For this problem, I must simplify the fraction so I end up with a sum of two different fractions:
$$1 - \frac{3}{e^n}$$ and $$2 - \frac{1}{m(m+1)}$$
and ultimately end up in a sort of sum between them. I believe I have no problem getting to the second one, but whenever I try to get to the first one, I end not being able to get rid of the $(m^2 + m)$ in the numerator and/or denominator. Furthermore, when I sum up the two fractions, I don't end up getting to the beginning fraction.
This is how I've attempted to do it:
$$\frac{2e^nm^2 + 2e^nm - e^n -6m^2 - 6m +3}{e^nm^2 + e^nm} = \frac{e^n(2m^2 + 2m -1) -6(m^2 +m)+3}{e^n(m^2+m)} = \frac{2m^2+2m-1}{m^2 + m} + \frac{-6(m^2+m)+3}{e^n(m^2+m)}$$ You can see that the first part of my solution ultimately comes out to the second faction listed above, but the whatever I try to do with the second part of my solution, I nothing works towards the end goal.
I would be beyond thankful if someone could explain how to get from start to finish as simply cannot wrap my head around it.

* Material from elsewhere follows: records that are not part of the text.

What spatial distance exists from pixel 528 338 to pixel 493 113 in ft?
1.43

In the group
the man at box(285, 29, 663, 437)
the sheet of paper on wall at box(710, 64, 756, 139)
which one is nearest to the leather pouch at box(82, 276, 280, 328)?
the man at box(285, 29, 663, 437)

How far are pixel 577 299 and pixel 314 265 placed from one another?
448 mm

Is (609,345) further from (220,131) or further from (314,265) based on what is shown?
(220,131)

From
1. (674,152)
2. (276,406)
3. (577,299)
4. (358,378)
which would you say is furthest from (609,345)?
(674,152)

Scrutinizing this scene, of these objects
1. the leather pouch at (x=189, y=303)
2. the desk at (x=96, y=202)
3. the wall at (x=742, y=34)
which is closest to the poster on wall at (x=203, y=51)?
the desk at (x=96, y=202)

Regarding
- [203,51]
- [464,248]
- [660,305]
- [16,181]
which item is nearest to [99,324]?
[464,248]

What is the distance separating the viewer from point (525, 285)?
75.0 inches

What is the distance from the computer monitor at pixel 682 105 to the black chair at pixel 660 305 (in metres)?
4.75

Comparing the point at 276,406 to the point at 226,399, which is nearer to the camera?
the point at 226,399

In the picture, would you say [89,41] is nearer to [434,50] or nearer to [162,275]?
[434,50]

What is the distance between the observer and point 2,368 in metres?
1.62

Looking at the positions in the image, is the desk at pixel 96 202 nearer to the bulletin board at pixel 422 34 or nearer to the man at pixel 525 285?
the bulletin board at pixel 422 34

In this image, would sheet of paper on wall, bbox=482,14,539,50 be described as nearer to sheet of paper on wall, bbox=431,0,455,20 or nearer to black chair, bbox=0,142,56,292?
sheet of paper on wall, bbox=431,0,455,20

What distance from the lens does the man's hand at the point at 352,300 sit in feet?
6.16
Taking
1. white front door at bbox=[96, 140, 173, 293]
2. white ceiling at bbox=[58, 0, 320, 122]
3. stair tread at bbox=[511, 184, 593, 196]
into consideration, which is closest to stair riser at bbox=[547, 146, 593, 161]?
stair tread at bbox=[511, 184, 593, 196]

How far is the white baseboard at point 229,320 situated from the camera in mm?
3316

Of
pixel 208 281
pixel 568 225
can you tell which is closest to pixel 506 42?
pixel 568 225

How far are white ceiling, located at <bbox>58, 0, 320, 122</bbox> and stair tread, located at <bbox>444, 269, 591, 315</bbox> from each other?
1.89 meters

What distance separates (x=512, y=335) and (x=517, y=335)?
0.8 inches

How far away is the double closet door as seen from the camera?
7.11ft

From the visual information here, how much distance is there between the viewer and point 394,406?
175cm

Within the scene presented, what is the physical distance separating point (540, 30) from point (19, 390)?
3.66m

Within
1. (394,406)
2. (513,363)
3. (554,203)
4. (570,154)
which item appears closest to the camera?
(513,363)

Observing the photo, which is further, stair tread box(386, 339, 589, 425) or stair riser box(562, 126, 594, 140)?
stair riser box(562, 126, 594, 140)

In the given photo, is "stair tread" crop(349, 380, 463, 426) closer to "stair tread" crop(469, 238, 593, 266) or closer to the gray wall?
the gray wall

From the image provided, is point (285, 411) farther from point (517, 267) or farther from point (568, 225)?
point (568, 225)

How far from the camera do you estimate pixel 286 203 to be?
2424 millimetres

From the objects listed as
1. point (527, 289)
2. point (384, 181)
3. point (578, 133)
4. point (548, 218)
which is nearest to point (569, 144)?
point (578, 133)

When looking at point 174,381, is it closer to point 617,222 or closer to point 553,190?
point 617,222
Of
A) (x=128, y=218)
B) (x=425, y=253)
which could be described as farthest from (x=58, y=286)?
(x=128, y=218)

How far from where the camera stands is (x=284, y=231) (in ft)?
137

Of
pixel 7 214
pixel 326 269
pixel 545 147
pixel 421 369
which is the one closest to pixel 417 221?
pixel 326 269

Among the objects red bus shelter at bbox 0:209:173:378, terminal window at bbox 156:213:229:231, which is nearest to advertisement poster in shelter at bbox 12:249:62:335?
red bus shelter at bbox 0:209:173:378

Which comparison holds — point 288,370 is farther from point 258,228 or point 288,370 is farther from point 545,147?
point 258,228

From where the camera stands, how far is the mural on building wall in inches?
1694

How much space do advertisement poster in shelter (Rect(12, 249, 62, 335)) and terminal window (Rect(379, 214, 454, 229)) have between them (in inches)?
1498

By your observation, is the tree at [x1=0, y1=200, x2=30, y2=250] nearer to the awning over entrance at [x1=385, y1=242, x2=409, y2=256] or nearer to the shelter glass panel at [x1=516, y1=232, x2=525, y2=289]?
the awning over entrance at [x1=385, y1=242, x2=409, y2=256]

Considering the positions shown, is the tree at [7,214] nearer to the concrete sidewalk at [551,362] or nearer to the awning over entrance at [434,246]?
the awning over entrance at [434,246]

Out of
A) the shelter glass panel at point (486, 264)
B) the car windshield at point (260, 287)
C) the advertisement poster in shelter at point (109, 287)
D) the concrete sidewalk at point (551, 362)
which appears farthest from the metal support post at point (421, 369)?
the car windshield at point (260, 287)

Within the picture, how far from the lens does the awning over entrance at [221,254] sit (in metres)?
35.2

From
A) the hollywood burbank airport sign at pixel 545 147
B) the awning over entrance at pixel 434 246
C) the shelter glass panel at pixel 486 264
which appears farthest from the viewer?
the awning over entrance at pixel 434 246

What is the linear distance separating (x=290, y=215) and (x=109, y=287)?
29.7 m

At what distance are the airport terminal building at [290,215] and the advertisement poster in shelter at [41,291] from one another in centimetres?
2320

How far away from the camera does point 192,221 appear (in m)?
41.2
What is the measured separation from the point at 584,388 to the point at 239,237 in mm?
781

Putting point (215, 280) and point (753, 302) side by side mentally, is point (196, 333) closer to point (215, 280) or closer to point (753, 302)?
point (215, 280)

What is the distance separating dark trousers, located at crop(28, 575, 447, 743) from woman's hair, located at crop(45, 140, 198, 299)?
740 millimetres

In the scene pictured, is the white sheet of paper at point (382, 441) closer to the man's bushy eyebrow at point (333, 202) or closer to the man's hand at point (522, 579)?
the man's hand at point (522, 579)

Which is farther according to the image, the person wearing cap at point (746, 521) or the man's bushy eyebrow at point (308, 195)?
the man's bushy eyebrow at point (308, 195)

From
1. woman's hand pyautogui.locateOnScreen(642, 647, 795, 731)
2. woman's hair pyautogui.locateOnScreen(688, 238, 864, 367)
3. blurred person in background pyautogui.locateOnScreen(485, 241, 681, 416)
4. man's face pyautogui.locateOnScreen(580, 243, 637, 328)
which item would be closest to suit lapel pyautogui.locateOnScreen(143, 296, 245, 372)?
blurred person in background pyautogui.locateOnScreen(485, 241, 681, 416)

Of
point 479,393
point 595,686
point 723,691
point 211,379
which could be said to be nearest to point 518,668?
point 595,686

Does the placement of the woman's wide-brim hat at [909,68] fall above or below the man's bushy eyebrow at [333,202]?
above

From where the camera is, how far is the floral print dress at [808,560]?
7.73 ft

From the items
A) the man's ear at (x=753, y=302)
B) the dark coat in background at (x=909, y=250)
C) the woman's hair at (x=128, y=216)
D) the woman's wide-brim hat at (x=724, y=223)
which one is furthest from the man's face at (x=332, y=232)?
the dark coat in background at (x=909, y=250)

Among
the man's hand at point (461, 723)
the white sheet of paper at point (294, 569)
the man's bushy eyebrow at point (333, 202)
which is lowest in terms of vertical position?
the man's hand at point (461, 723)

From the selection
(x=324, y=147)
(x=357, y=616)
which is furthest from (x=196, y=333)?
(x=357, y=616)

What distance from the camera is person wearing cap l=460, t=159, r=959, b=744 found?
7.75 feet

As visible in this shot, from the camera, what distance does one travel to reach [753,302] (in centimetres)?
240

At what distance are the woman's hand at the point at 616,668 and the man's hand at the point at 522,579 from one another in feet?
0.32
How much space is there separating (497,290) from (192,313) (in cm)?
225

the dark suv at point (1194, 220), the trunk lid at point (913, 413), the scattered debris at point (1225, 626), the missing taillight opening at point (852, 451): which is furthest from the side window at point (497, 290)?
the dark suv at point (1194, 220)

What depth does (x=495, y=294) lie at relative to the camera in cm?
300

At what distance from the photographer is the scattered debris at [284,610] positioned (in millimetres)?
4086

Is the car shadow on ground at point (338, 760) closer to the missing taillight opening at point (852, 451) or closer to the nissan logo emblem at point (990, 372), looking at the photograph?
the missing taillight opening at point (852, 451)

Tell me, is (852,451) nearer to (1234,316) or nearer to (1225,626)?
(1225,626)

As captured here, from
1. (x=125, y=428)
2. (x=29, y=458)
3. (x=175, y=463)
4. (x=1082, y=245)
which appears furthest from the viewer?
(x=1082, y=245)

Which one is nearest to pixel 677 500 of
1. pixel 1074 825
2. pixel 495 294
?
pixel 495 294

Expected end result: $$(1 - \frac{3}{e^n}) + (2 - \frac{1}{m(m+1)})$$
$$\frac{2e^nm^2 + 2e^nm - e^n -6m^2 - 6m +3}{e^nm^2 + e^nm}\\ =\frac{e^n(2m^2 + 2m - 1) -6(m^2 + m) +3}{e^nm^2 + e^nm}\\ =\frac{2m^2 + 2m - 1}{m^2 + m}-\frac{6}{e^n}+ \frac{3}{e^nm^2 + e^nm}\\ =2-\frac{1}{m^2 + m}-\frac{6}{e^n}+ \frac{3}{e^nm^2 + e^nm}\\=\frac{3}{me^{n}}-\frac{3}{e^{n}\left(m+1\right)}-\frac{6}{e^{n}}-\frac{1}{m}+\frac{1}{m+1}+2$$
The expected end result doesn't match your original fraction